International Textile Group (ITG) is a diversified American fabric maker based in Beverly Hills, California. The company was founded in Greensboro, North Carolina by Wilbur Ross and was sold to Platinum Equity in 2016, leading to its move from Greensboro to Beverly Hills.

Current operations
ITG's operating companies include:
 Cone Denim
 Burlington WorldWide Apparel
 Burlington House Interior Fabrics
 Carlisle Finishing
 Automotive Safety Textiles

Locations
ITG continues to manufacture fabrics in North America, but it has also developed fabric mills in China, Vietnam and Central America. Its best-known fabrics are denim and specialty nylon fabrics used in automotive airbag systems.
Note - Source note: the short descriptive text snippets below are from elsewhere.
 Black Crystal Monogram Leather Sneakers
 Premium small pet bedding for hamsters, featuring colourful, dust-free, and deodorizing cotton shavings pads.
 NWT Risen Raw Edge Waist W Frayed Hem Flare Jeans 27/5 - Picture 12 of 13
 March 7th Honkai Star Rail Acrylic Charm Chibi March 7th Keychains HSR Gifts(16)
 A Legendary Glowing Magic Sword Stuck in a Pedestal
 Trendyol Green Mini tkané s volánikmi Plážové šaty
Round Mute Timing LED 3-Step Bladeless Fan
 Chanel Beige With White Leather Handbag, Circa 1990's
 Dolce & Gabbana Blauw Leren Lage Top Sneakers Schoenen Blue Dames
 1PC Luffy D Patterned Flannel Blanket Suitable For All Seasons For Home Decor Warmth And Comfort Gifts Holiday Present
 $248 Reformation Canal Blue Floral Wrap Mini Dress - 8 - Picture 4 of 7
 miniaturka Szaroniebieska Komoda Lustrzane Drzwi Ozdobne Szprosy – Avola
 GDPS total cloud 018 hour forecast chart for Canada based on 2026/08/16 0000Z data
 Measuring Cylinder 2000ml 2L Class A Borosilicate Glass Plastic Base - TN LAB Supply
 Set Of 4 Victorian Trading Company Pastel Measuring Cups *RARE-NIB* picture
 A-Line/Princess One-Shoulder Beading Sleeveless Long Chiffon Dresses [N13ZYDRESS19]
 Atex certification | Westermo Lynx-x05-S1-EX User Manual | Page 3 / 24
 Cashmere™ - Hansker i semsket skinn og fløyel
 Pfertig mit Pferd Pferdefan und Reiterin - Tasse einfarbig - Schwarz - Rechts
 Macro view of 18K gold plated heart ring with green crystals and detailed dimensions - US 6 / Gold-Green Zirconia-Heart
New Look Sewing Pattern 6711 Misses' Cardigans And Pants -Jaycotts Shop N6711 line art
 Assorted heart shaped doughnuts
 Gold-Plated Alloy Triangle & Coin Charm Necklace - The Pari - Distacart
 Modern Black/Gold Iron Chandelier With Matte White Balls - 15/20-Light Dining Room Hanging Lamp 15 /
Denim fabrics are made in the United States, in Greensboro, NC, in Mexico and are also now being made in China and Nicaragua in new company plants. In the summer of 2009, ITG reported that it had closed the Nicaragua mill- which it had just opened- because its main customer moved its cut and sew operation out of Nicaragua. This makes the venture to build the plant almost a total loss to ITG. Many ready-to-wear brands purchase fabrics from Cone Denim, including Levi's, Wrangler and American Eagle Outfitters. The company is also known for its worsted wool fabrics, which are made in North Carolina and in Mexico. The company has developed a source for wool fabrics in India by working with OCM India Limited, a mill in Amritsar, India, which is also owned by funds controlled by W.L. Ross & Co. Customers of the wool fabrics include many well-known makers of wool garments (such as Jos A. Bank and others). The company also produces some technical fabrics, such as fabrics made of polyester and nylon. These fabrics have a variety of uses, such as in uniforms, in performance apparel items and for safety services.

Brands
The ITG Automotive Group manufactures fabrics and cushion for airbags, which are sold to automotive safety groups, such as Autoliv, TRW and Delphi. Many automobiles throughout the world contain ITG's safety fabrics. The fabrics and cushion are manufactured in various locations (U.S., Germany, Poland, China, Mexico).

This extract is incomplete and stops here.